● Exercise: Go through the listing below and output exactly the line with "Linked In Indeed", the line with "information", and each line between; omit the rest.

● Material provided:
━━━━━━━━━━━━━━━━━━━━━━━━━━━━━━
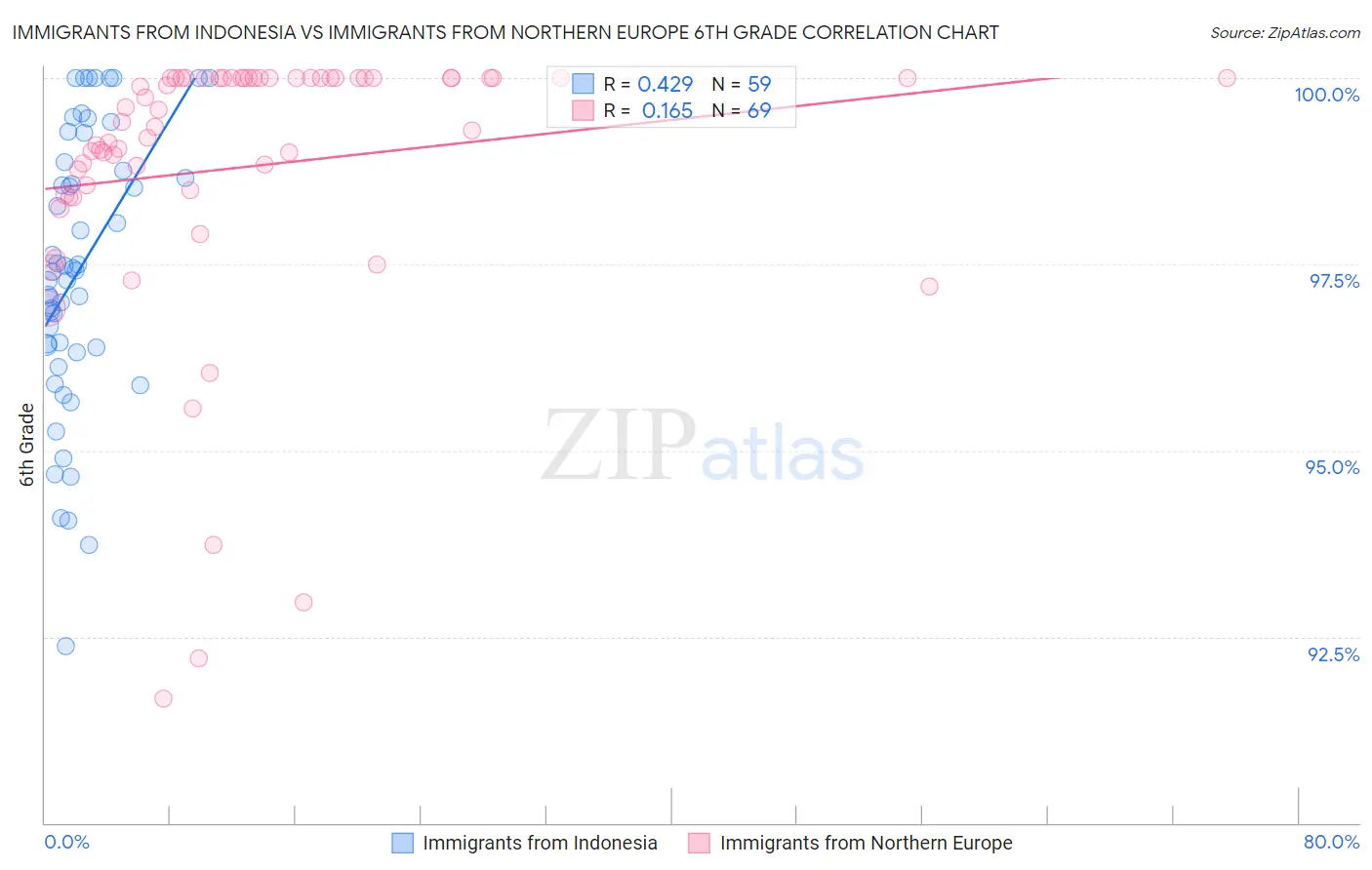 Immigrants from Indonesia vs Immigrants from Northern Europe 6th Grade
━━━━━━━━━━━━━━━━━━━━━━━━━━━━━━
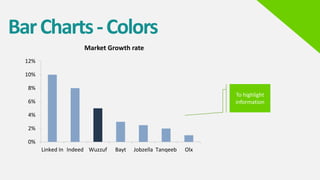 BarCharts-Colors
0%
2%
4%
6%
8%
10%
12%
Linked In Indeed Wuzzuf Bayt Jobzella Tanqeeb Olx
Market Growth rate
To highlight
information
━━━━━━━━━━━━━━━━━━━━━━━━━━━━━━
● Exercise solution:
Linked In Indeed Wuzzuf Bayt Jobzella Tanqeeb Olx
Market Growth rate
To highlight
information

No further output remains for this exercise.